Leave out the pictures and repeat the entries below verbatim.

═════ Data for the task

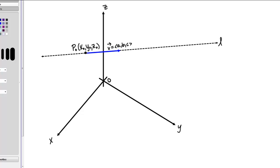In this video, we're going to walk through the logic of defining a line in space using vector-valued functions.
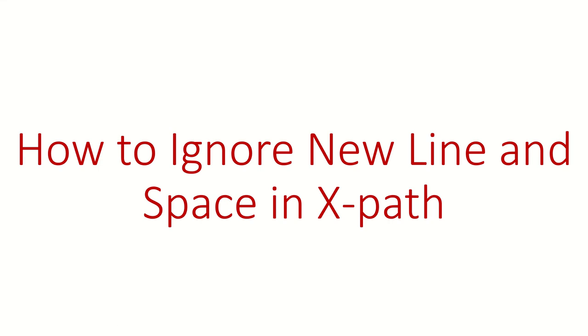Hi guys, welcome back. In this video we are going to write an XPath for elements whose text contains either space or newline characters. Before we start, let me tell you we have created this video as requested by one of our subscribers. If you want us to make a video on any particular topic, you can please let us know in the comment section. Let's start.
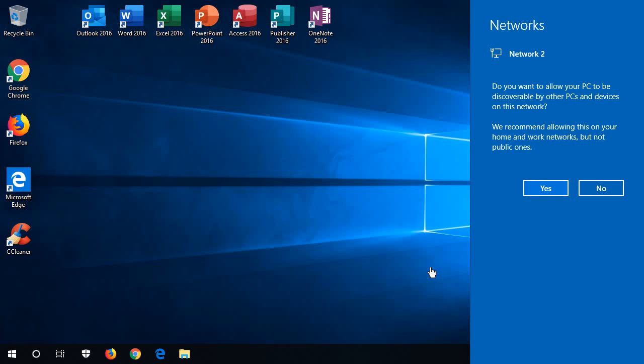But if you're at home or at work, you almost certainly want to say yes to this. And what this will allow is for you to use networked and shared printers, to connect to other computers throughout your office or home, that kind of thing. So, basic functionality in the office or home that you're expecting, particularly printing...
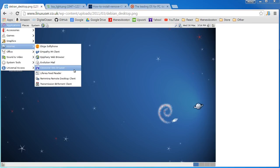Alright guys, in this video I am going to show you how to download and install Linux on your VirtualBox, but before we begin,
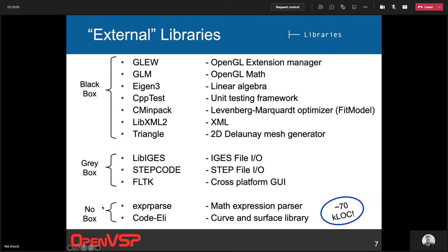Then we've got two that I call no-box, meaning even though they're in the external libraries directory, they're not really external — they're really just part of OpenVSP's code organized differently. One is the expression parser that makes smart update work — a little algebra parser for addition, subtraction, multiplication, division and so on. The other is CodeEli, the big one: our really low-level Bezier curves and surfaces, our hardcore math — that's about 70,000 lines of code that we really own, even though it's located in the external libraries.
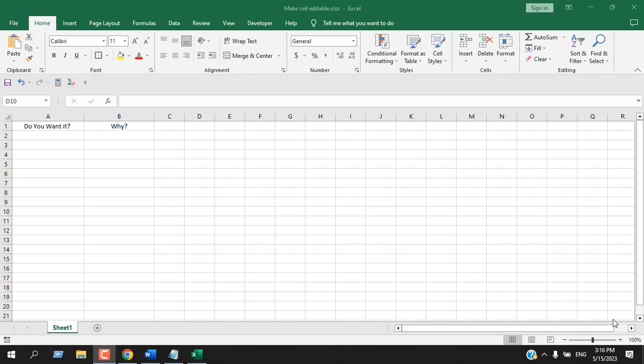Hello everyone, welcome to Excel 10 tutorial. In this advanced Excel tutorial I'm going to show you how you can make a cell editable based on another cell in Microsoft Excel. Let's get started.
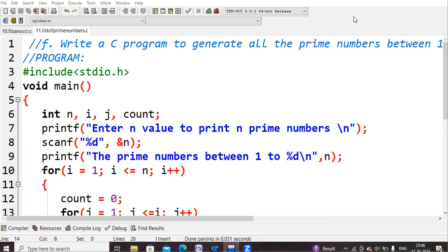As a prerequisite you can refer the previous video where we saw how to calculate prime numbers. There we used an extra variable. A prime number is divisible by itself and by one only — those are the two conditions. If it is divisible exactly twice then it is a prime number, otherwise it is not. Here our goal is to print all the prime numbers between 1 to n.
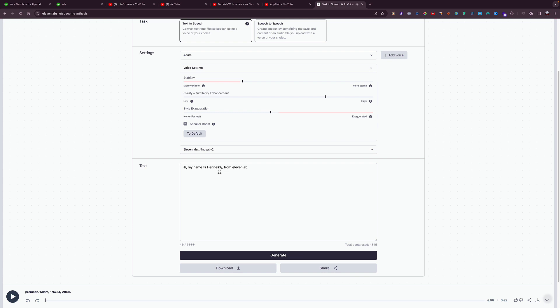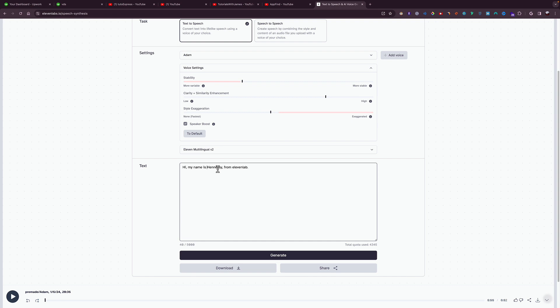So if I want to add a pause or a break to the voiceover, I will add a dash right here. If I want to add the pause before Hennessy, right before I say 'hi my name is Hennessy,' I will add one, two, three dashes and a space.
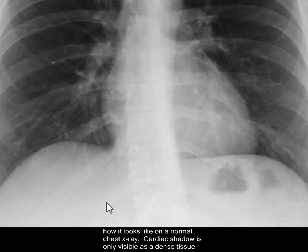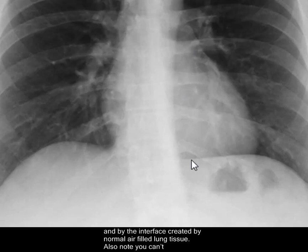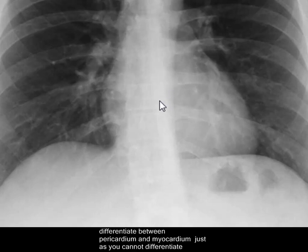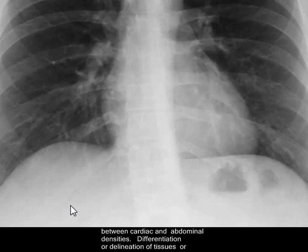The cardiac shadow is only visible as a dense tissue by the interface created by the air in lung tissue. Also note that you cannot differentiate between pericardium and myocardium, just as you cannot differentiate between cardiac and abdominal densities.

══════════

▶ Result of this task:
In this video, we're going to walk through the logic of defining a line in space using vector-valued functions.
Hi guys, welcome back. In this video we are going to write an XPath for elements whose text contains either space or newline characters. Before we start, let me tell you we have created this video as requested by one of our subscribers. If you want us to make a video on any particular topic, you can please let us know in the comment section. Let's start.
But if you're at home or at work, you almost certainly want to say yes to this. And what this will allow is for you to use networked and shared printers, to connect to other computers throughout your office or home, that kind of thing. So, basic functionality in the office or home that you're expecting, particularly printing...
Alright guys, in this video I am going to show you how to download and install Linux on your VirtualBox, but before we begin,
Then we've got two that I call no-box, meaning even though they're in the external libraries directory, they're not really external — they're really just part of OpenVSP's code organized differently. One is the expression parser that makes smart update work — a little algebra parser for addition, subtraction, multiplication, division and so on. The other is CodeEli, the big one: our really low-level Bezier curves and surfaces, our hardcore math — that's about 70,000 lines of code that we really own, even though it's located in the external libraries.
Hello everyone, welcome to Excel 10 tutorial. In this advanced Excel tutorial I'm going to show you how you can make a cell editable based on another cell in Microsoft Excel. Let's get started.
As a prerequisite you can refer the previous video where we saw how to calculate prime numbers. There we used an extra variable. A prime number is divisible by itself and by one only — those are the two conditions. If it is divisible exactly twice then it is a prime number, otherwise it is not. Here our goal is to print all the prime numbers between 1 to n.
So if I want to add a pause or a break to the voiceover, I will add a dash right here. If I want to add the pause before Hennessy, right before I say 'hi my name is Hennessy,' I will add one, two, three dashes and a space.
The cardiac shadow is only visible as a dense tissue by the interface created by the air in lung tissue. Also note that you cannot differentiate between pericardium and myocardium, just as you cannot differentiate between cardiac and abdominal densities.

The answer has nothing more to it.